We now have all the necessary ingredients to run the statistical analysis. Normally, you would ask Lightwood for a Json AI object to be generated according to the dataset and the problem definition. Internally, Lightwood will then run the statistical analysis for the provided dataset, and store it for later usage.
Afterwards, you would make modifications to the Json AI as needed (for some examples, check out the other tutorials in lightwood/examples/json_ai
), and finally generate a predictor object to learn and predict the task.
In this case though, we will call it directly:
from lightwood.api.types import StatisticalAnalysis # the class where everything is stored
from lightwood.data import statistical_analysis # generates an instance of the class
stan = statistical_analysis(df,
type_information.dtypes,
type_information.identifiers,
problem_definition)
INFO:lightwood-55329:Starting statistical analysis INFO:lightwood-55329:Finished statistical analysis
Now that our analysis is complete, we can check what Lightwood thinks of this dataset:
{field.name for field in fields(StatisticalAnalysis)} # show the fields this dataclass has
{'avg_words_per_sentence', 'bias', 'buckets', 'df_std_dev', 'distinct', 'histograms', 'missing', 'nr_rows', 'positive_domain', 'target_class_distribution', 'train_observed_classes'}
Some of these fields aren't really applicable nor useful for this dataset, so let's only check the ones that are.
We can start with a very basic question: how many rows does the dataset have?
stan.nr_rows
48842
Here are some other insights produced in the analysis:
Is there missing information in the dataset?
stan.missing
{'age': 0.0, 'workclass': 0.0, 'fnlwgt': 0.0, 'education': 0.0, 'educational-num': 0.0, 'marital-status': 0.0, 'occupation': 0.0, 'relationship': 0.0, 'race': 0.0, 'gender': 0.0, 'capital-gain': 0.0, 'capital-loss': 0.0, 'hours-per-week': 0.0, 'native-country': 0.0, 'income': 0.0}
Seemingly not!
For numerical colums, values are bucketized into discrete ranges.
Each categorical column gets a bucket per each observed class.
Let's check an example for one of each:
stan.buckets['educational-num']
[1, 2, 3, 4, 5, 6, 7, 8, 8, 9, 10, 11, 12, 13, 14, 15]
stan.buckets['relationship']
['Husband', 'Not-in-family', 'Own-child', 'Unmarried', 'Wife', 'Other-relative']

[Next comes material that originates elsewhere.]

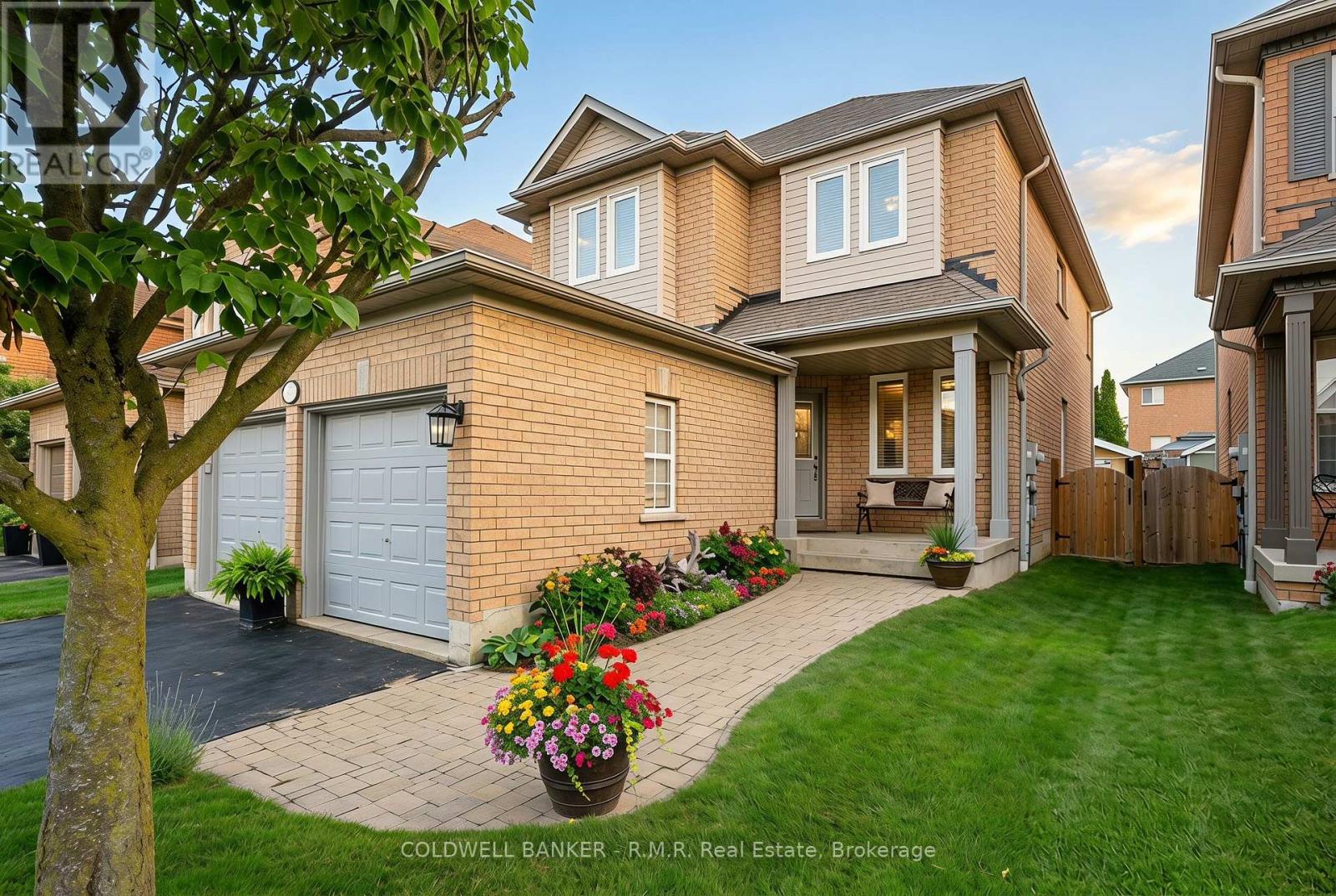 6 Merchants Avenue, Whitby, Ontario  L1P 1S1 - Photo 2 - E13818732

We can also check whether each column has buckets of data that exhibit some degree of bias:
for colname, col in stan.bias.items():
print(f"'{colname}' entropy: {round(col['entropy'], 3)}")

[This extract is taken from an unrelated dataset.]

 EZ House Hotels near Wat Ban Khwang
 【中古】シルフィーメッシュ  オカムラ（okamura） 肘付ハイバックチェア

print(f"Biased buckets: {col['biased_buckets']}\n" if col['biased_buckets'] else '\n')
'age' entropy: 0.896 'workclass' entropy: 0.523 'fnlwgt' entropy: 0.656 'education' entropy: 0.733 'educational-num' entropy: 0.726 'marital-status' entropy: 0.654 'occupation' entropy: 0.902 'relationship' entropy: 0.834 'race' entropy: 0.342 'gender' entropy: 0.916 'capital-gain' entropy: 0.108 Biased buckets: [14000, 4000, 6000, 2000, 0] 'capital-loss' entropy: 0.076 Biased buckets: [1568, 1655, 1917, 1830, 0] 'hours-per-week' entropy: 0.588 'native-country' entropy: 0.173 Biased buckets: ['Philippines', '?', 'Mexico', 'United-States'] 'income' entropy: 0.794
Better yet, let's plot the histograms for each column:
import numpy as np
import matplotlib.pyplot as plt
# generate color map
cmap = plt.cm.tab10
colors = cmap(np.arange(len(df)) % cmap.N)
# barplot for each column
for colname, hist in stan.histograms.items():
fig, ax = plt.subplots(figsize=(18, 6))
ax.bar(np.arange(len(hist['x'])), hist['y'], color=colors)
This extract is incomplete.